Competing in the China Truck Market - Leveraging China for the World

by Bill Russo

This is the sixth and final installment in a series on the China Commercial Vehicles market.  

Click here to read the first installment.

Click here to read the second installment.

Click here to read the third installment.

Click here to read the fourth installment.

Click here to read the fifth installment.

We are in the midst of an economic revolution: a shift of the global center of gravity of economic strength towards the east, which is fundamentally reshaping the competitive landscape of numerous industries.  As an economic bellwether, the automotive industry is of great importance to this rebalancing of economic power.   The changes that result from the restructuring underway in the automotive sector are fundamental and irreversible.

After an unprecedented period of economic expansion, the Chinese government began taking measures to shift the economy to a more stable and sustainable pattern going forward.  China is likely to manage the risks associated with this transition with little disruption to the world, the environment, and the fabric of its own society.

By 2020, we anticipate that the commercial HD/MD trucks install base will increase by almost 7 million units to 10.7 million and annual sales will rise to 1.7 million – representing 43% of the global truck market.  With anticipated growth in export sales of Chinese-assembled trucks, it is easy to see how the Chinese market will be the most important market in the world.

It is becoming increasingly urgent for global truck manufacturers to get in the game in China.   The local players will increasingly influence regulatory policies and standards, making it more difficult to enter and compete in the market in the future.   The delay of Euro 4 gives local MDV/HDV manufactures more time to develop their technology, as they retain their enormous cost-advantage compared to European and Japanese high-end OEMs.

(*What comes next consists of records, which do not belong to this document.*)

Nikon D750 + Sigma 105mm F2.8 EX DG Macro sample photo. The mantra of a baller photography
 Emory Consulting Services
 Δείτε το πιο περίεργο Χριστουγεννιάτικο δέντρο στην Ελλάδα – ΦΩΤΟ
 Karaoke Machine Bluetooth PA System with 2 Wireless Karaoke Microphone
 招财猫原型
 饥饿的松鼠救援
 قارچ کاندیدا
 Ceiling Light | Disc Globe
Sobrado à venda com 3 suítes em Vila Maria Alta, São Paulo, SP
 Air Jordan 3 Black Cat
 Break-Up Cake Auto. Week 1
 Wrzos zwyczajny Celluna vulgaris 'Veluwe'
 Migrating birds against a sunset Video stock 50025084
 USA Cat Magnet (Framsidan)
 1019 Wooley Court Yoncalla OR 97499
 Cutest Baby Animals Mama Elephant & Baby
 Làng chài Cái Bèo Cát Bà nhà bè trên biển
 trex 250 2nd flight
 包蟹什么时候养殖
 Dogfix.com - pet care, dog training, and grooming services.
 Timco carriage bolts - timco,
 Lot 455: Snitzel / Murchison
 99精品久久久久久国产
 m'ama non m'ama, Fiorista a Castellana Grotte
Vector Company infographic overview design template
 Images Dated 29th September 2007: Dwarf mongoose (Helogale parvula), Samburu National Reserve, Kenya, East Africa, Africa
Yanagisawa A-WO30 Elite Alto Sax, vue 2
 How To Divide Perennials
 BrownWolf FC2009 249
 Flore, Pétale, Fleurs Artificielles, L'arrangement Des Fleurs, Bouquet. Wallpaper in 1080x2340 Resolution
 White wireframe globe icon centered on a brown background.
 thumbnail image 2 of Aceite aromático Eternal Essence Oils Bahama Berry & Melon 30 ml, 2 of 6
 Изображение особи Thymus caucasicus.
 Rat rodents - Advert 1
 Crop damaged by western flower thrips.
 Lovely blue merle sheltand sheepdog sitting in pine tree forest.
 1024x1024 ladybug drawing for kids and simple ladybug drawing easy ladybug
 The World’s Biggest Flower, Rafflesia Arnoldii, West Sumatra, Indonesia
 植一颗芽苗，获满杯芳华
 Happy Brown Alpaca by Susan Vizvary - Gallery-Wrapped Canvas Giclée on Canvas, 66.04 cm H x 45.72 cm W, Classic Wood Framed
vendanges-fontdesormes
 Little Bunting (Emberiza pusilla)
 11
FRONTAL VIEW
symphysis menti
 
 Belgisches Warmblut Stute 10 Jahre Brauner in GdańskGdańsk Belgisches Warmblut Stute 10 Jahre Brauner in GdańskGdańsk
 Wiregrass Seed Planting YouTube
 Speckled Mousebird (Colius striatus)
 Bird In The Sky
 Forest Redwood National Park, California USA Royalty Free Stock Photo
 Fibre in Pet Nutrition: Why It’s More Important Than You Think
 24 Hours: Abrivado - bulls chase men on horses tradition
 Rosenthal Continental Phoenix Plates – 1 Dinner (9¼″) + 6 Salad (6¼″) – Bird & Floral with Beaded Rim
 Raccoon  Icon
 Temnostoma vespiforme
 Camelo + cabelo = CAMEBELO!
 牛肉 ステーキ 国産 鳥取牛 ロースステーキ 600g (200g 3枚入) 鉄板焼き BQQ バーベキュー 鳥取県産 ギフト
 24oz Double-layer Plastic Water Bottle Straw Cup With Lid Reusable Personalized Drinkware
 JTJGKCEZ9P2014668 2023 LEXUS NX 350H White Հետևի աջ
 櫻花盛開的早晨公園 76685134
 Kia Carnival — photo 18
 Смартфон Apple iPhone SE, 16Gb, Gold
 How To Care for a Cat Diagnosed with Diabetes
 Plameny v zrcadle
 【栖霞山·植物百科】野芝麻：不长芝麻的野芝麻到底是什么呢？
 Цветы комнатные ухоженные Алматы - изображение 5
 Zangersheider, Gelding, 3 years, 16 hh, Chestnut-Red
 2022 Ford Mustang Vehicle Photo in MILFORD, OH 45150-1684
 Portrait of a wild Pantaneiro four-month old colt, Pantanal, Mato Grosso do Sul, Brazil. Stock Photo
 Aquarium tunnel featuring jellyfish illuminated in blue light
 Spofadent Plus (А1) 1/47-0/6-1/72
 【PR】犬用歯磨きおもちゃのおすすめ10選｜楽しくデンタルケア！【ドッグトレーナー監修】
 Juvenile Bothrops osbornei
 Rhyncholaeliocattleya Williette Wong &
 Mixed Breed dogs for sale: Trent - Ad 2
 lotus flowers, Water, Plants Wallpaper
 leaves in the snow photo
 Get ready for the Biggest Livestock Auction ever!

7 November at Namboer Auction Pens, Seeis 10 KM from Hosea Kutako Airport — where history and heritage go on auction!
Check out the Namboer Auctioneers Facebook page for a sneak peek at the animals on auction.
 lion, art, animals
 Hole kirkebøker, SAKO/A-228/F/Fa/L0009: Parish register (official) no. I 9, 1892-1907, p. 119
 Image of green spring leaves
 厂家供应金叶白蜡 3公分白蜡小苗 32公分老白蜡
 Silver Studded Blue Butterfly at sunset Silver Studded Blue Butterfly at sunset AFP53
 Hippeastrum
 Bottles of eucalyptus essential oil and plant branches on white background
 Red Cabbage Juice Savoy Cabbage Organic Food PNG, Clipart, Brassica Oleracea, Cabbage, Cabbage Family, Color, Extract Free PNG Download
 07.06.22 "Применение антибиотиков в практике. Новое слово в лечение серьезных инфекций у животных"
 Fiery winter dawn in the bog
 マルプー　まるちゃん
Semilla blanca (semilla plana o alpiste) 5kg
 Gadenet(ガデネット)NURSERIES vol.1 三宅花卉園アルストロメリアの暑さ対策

While it is legitimate to question whether Chinese companies can assume a leadership role in the transformation of the global commercial truck industry, one simply cannot deny the influence that China has had on industry developments.  The sheer size and growth of the China market will require multinationals to consider reprioritization of their capital plans and resource allocation.   The reallocation of production and supply resources to China has fundamentally changed the cost structure of many industries – which changes the entire competitive pricing game.  China’s government policies and centrally planned economy have supported the creation of the infrastructure needed to stimulate both the supply and demand side of the auto business.

Already, low-cost “good-enough” quality Chinese companies are about to change the global competitive landscape with products that are relevant to the high-growth global emerging markets.  As China automotive players begin to consolidate, they will increase their efficiency, scale and R&D capabilities – making them even more competitive in the future.

Global manufacturers will increasingly be pushed into the luxury “niche”, unless they adjust their business model and develop low-price, as opposed to low-cost products, which are not just “good enough”, but have the right features, durability, more rapid innovation, and lower price to be sold globally.  The Chinese market is already highly fragmented, and the pathway to entry for foreign players is not obvious.  However, we believe that several market entry options exist as previously noted.  MAN’s JV with Sinotruk may be able to crack open the mid-range market in which local OEMs are dominant.

A catalyst is defined as “a person or thing that precipitates an event”.  This is an appropriate characterization of China’s role in the transformation of the global auto industry.  In a globalized world, we will likely find that the transformation of the automotive business model may not be linked to any one company or country.  Instead, leading 21st century companies will be the ones that can quickly adapt to the reality of globalization.

The emergence of China as the largest automobile market in the world is a significant event only in the sense that it causes the entire world to take notice of just how fast this economy is developing – and to also understand precisely how China is transforming the global auto industry.  Rather than trying in vain to turn the clock back to the way things used to be, it would be wise to learn how to use these transformational forces to define a business model to leverage the capabilities which globalization makes possible.